**PROBLEM STATEMENT:**
Starting at the line that has "the hedgehogs are" and stopping after the line that has "Number of Refugees Grows to 65,000", reproduce the listing below exactly; omit everything else.

(GIVEN DATA Opens)

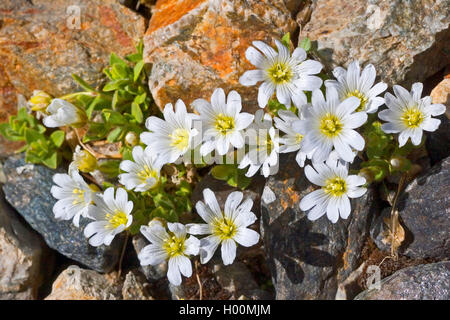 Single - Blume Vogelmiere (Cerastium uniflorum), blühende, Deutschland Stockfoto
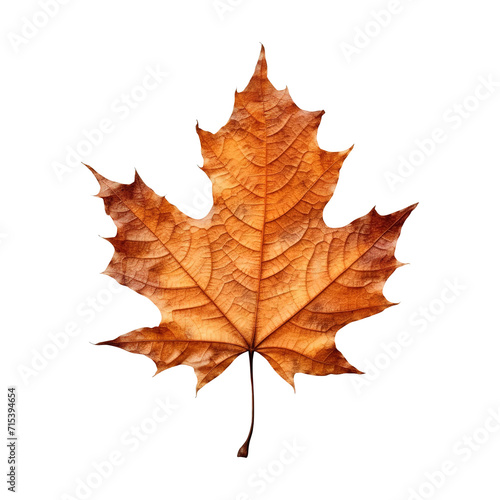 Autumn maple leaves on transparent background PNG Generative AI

(GIVEN DATA Closes)
(GIVEN DATA Opens)

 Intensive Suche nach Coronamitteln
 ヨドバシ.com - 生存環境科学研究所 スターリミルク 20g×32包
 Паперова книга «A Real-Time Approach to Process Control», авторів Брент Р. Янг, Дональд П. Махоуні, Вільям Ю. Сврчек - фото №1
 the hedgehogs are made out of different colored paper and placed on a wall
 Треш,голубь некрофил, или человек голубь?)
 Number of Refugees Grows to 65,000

(GIVEN DATA Closes)
(GIVEN DATA Opens)

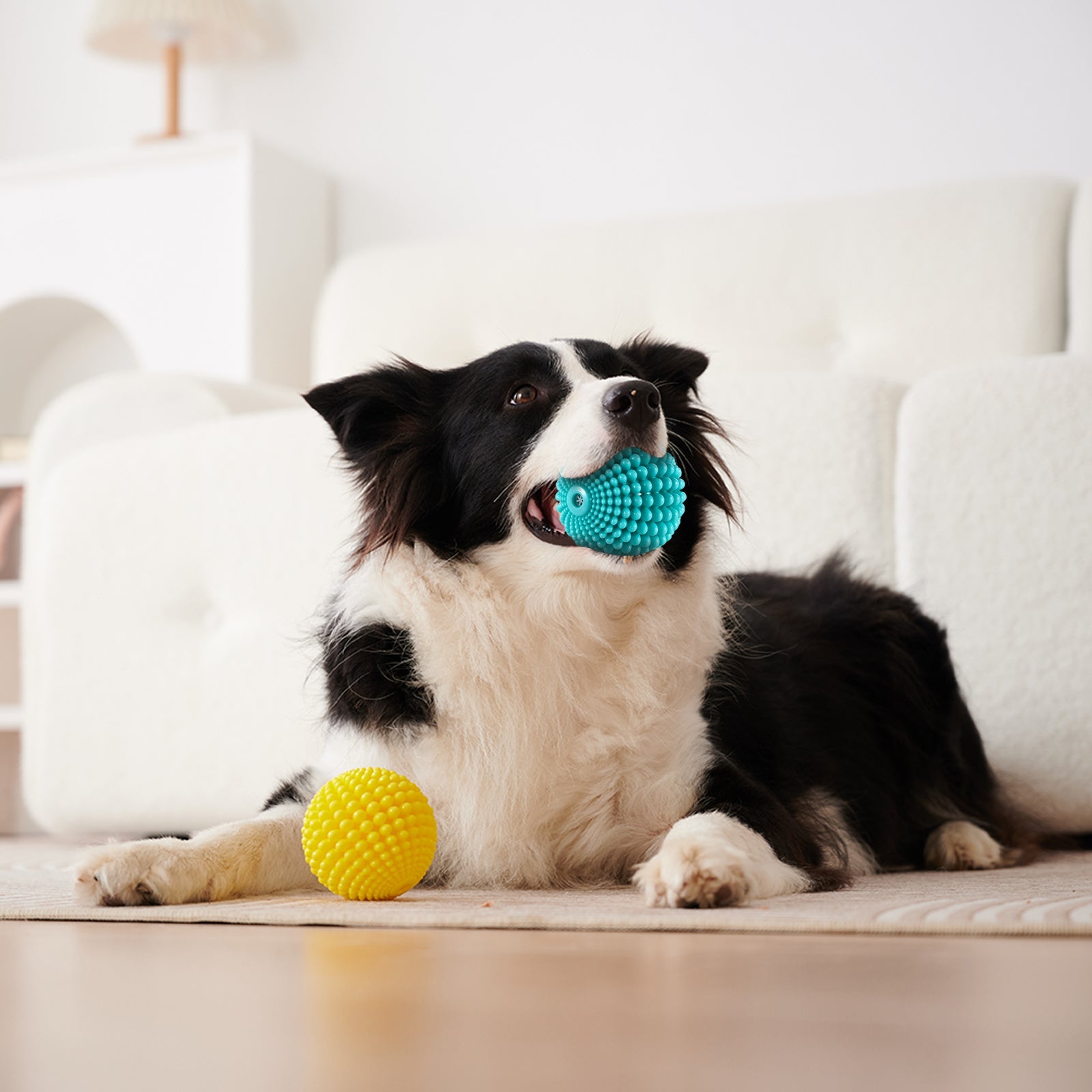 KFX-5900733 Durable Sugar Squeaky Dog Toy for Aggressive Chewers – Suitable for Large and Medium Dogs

(GIVEN DATA Closes)

**TASK SOLUTION:**
 the hedgehogs are made out of different colored paper and placed on a wall
 Треш,голубь некрофил, или человек голубь?)
 Number of Refugees Grows to 65,000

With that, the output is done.